A: I've heard several stories like yours this week, and all I can say is, come on, people. It's the holidays, for crying out loud. Do the gate agents control the weather? Breaking news: NO. And they aren't responsible for the decision to cancel your flight -- they're just the poor souls stuck breaking the bad news to you. Do you also send hate mail to ESPN when they report your favorite team lost? Because that makes about as much sense as getting mad at the gate agents about bad weather.

Now, I'm not trying to convince anyone to do a dance of joy upon hearing they'll be stuck in the Philly airport for the next 16 hours -- a canceled flight is a perfectly legitimate reason to be upset. (Especially if you're stuck in PHL. My condolences.) But you should complain about it in a snarky Facebook status update or treat yourself to some Ben & Jerry's at the airport food court rather than berate the gate agents, who are, after all, just doing their job.

Q: Is it okay to complain about the quality of the free breakfast you get in a budget hotel?

A: Sure, as long as you have realistic expectations. You can't knock a one-star motel for not offering homemade organic granola and fluffy, made-to-order omelets. However, if that motel has boxes of cereal that expired in 2006 and there are dead flies in the scrambled eggs, you should absolutely call them on it.

Q: Recently you tackled the subject of people who let their kids watch movies on planes without headphones. But what about adults who watch R-rated DVDs on planes? Maybe they're not inflicting the sound upon everyone, but it's still potentially offensive. I was flying with my 4-year-old, and the guy next to me was watching "Dexter" on his laptop. I like that show, but it was all I could do to keep her eyes off it!

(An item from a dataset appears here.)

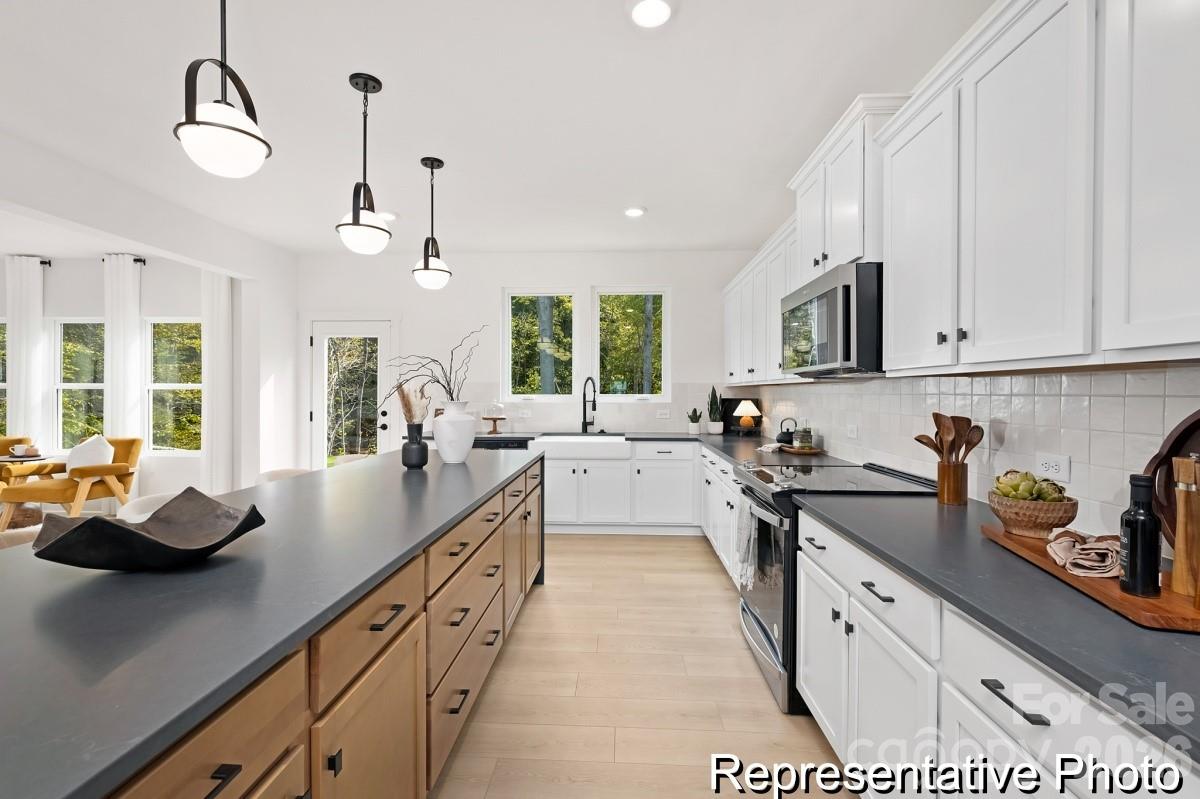 1029 Preston Drive #51 — Lowell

A: What, you don't want your 4-year-old watching a vigilante serial killer chop people up and dump them off the coast of Miami? Just kidding. I'm with you -- it's a great show, but unless you're watching it on a tiny screen you're sure no one else can see, it's not the right thing to watch on a plane. Giving other people's kids nightmares is rude.

E-mail travel-etiquette questions to Lesley Carlin at deartripadvisor(at)tripadvisor.com.

(Distributed by Scripps Howard News Service, http://www.scrippsnews.com)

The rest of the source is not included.